いやほんと、みんなちょっと大袈裟すぎるんだよほんとに。
「要するに、私も混ぜてってこと」
はいそこ、そんな『なに言ってんだこいつ』みたいな表情をしない。
■
《登場人物》
『柊綾』
・ようやく気づいた二十三歳。いや、考えてもみてください。あやの扱いって結構いじめがかってないです?いじめっていうか、なんというか、こう、ね。ゲームやってるのにゲームできないとかそれ意味分からんくないですか?リアルとヴァーチャルの区別付けようぜ。なんかあやに対する扱いだけゲームの中っていうより異世界にいるみたいな、別に痛みもないし死んでも蘇るじゃんっていう考えが適応されてないとこあるよね。そんなことをふと思っちゃったものだから、結構候補絞りきれなくて悩んでいた新魔法が確定したという裏話も。入口と最終形だけ決めて見切り発車するものだから1話書くごとに設定が増えるっていう無能の極み。だから執筆が遅いんだこのクソ野郎が。
『柳瀬鈴』
・あやの命令にはとりあえず反射的に従ってしまう二十三歳。調教の賜物やで。まああやの周囲のやつって結構な割合でそんな感じなんだけれど。そしてこの流れは白亀の出番……!腕がなるぜ……!あと全然全く一切微塵関係ないことですが、姫ゲーの前に書いてた、なんなら前身と言えるかもしれないVRMMOモノを発掘して読んでニヤニヤしてたんですが、そこにまさかの同姓同名なキャラがいてビックリしました。

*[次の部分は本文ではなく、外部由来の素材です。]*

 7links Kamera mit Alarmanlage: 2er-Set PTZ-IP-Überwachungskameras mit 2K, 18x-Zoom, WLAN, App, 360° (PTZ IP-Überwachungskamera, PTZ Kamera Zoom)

性格全然違うしメインヒロインですらないんですけど、なんでしょう、もしかすると筆者はこの名前がお気に入りなんでしょうか。そう思って他の作品眺めてたんですけど、漢字違いで『スズ』があと二名いました。嘘やん。ていうかそんなこんなしてるから執筆遅れるんですよね……ほんとどうしようもねぇな……。
『島田輝里』
・そろそろ新しい武器が欲しいなあと思ってる二十一歳。重量のある長物がいい。しかしながら次の武器は……。スズから借りてる大剣は無茶な使い方してたから実は結構危ない。やっぱりπちゃん謹製な武器が欲しい。過去が過去なので結構色んな武器とか握りたい人。多分あやの次に新装備にワクワクしてる。うずうず。あやの視線とか言葉とか、未だその感情を理解できるスキルはないけど、あやと向き合うことを決意した分ちょっと反応が変わっている気がする。頑張れきらりん。お前の未来が僕にも掴めないっ!
『小野寺杏』
・ゲームだろうがリアルだろうがあやはあやであるからして云々、な十九歳。過保護とかそういうんじゃあないんだ。100%守りきるとかそういう次元の話じゃあないんだ。そこんところは譲れない。だけどあやのためにスタンスを変えるとかはそんな葛藤もなく出来ちゃうので、まあ多分納得は早いんだろうなあ。
『沢口ソフィア』
・正直あやが戦うとか割とどうでもいいと思ってる十一歳。というか、射程がそこまで長い訳でもない砲台とくれば今回みたいに連れ回されるのは必定、であればあやが参加することによってあやの傍に侍れる理由を得られるならむしろ望むところ。まあでもとりあえず暫くは休憩やけんどな。
『如月那月』
・冷静に考えて100%はないんだから可能な限り100%に近づけるのは当然のことで云々、な二十四歳。過保護?は?過ぎたるは及ばざるが如しとかそれ運用下手かただ単に不足してるだけだかんな?ナイフ相手にマシンガン?刃だけ撃ち抜け。爆撃機用意してやりゃ戦意なんて失うやろ。例え下手すぎて伝わらないけど、つまりまあだいたいそんな感じで。ここでマシンガンのところに当てはまるのがナツキさん本人な辺り頭おかしいよねっていう。